▶ **Activity**
The answer must be an exact copy of the records below, with every picture left out.
--- START ---
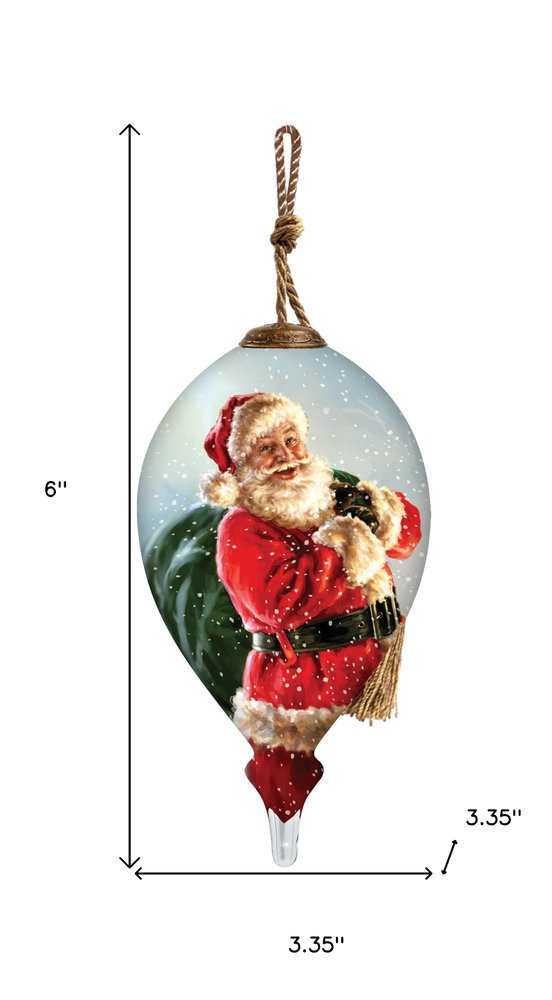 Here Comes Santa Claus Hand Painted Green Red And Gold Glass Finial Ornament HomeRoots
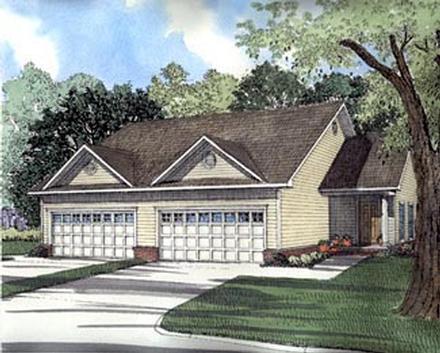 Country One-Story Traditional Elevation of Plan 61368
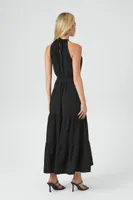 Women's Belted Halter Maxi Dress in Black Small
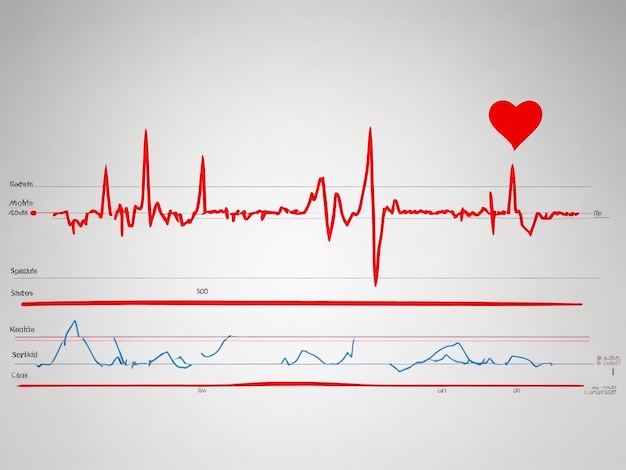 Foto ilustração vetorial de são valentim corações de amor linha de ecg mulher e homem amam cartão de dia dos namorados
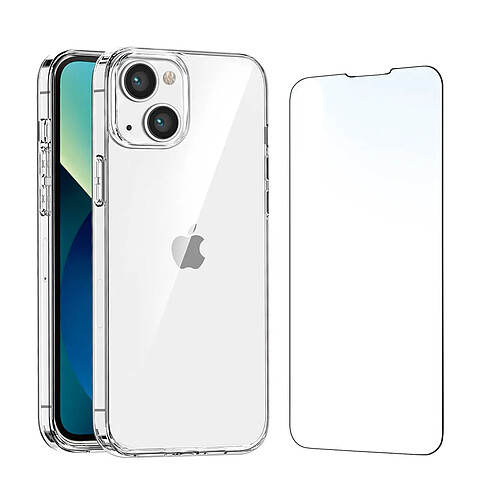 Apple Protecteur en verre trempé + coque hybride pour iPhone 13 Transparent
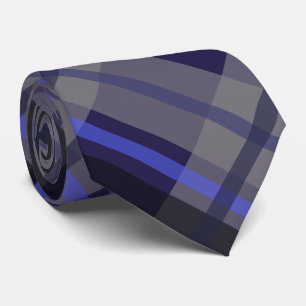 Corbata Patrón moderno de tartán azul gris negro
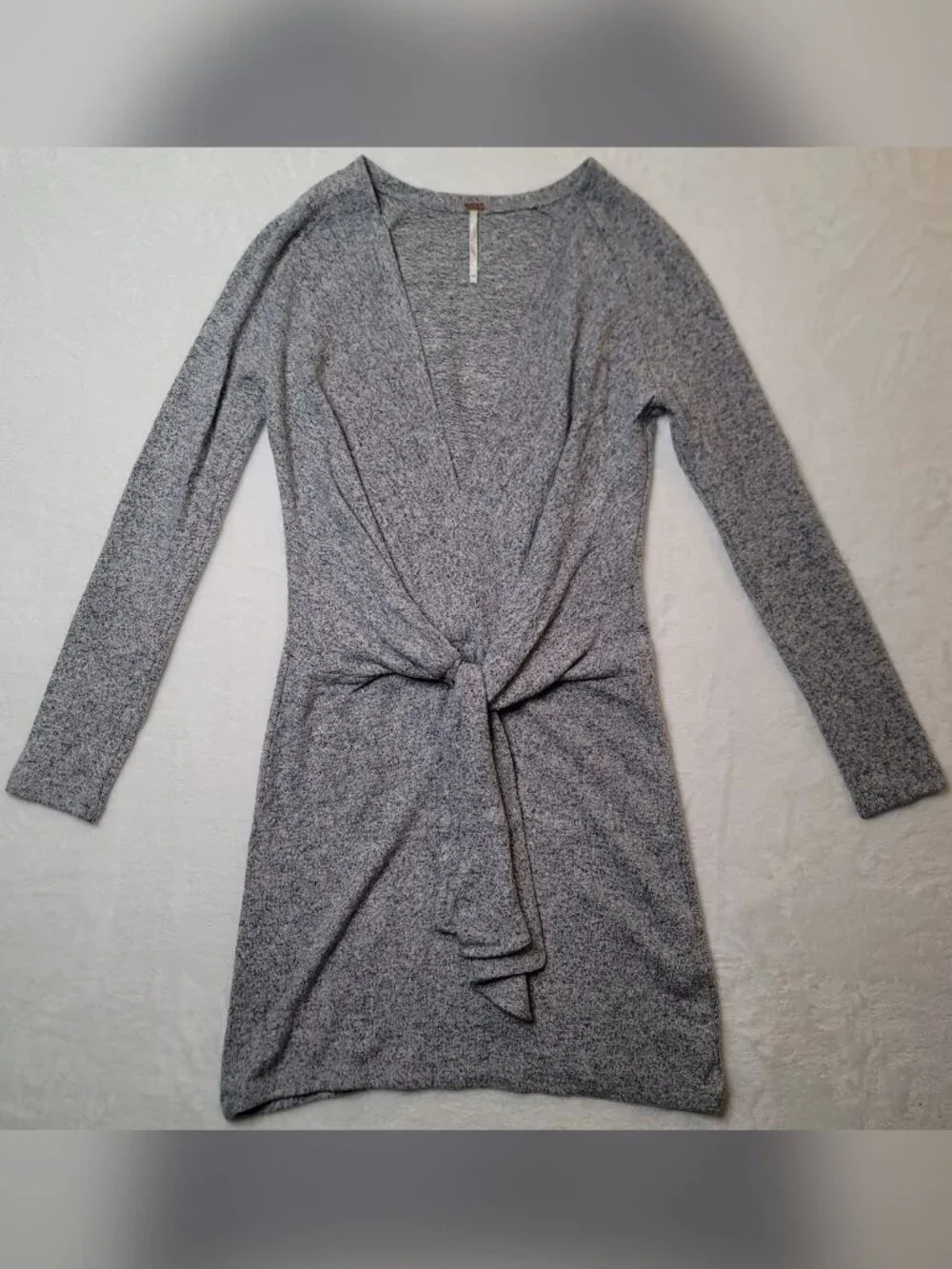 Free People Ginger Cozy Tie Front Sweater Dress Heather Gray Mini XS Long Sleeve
--- END ---
▶ **Written solution**
 Here Comes Santa Claus Hand Painted Green Red And Gold Glass Finial Ornament HomeRoots
 Country One-Story Traditional Elevation of Plan 61368
 Women's Belted Halter Maxi Dress in Black Small
 Foto ilustração vetorial de são valentim corações de amor linha de ecg mulher e homem amam cartão de dia dos namorados
 Apple Protecteur en verre trempé + coque hybride pour iPhone 13 Transparent
 Corbata Patrón moderno de tartán azul gris negro
 Free People Ginger Cozy Tie Front Sweater Dress Heather Gray Mini XS Long Sleeve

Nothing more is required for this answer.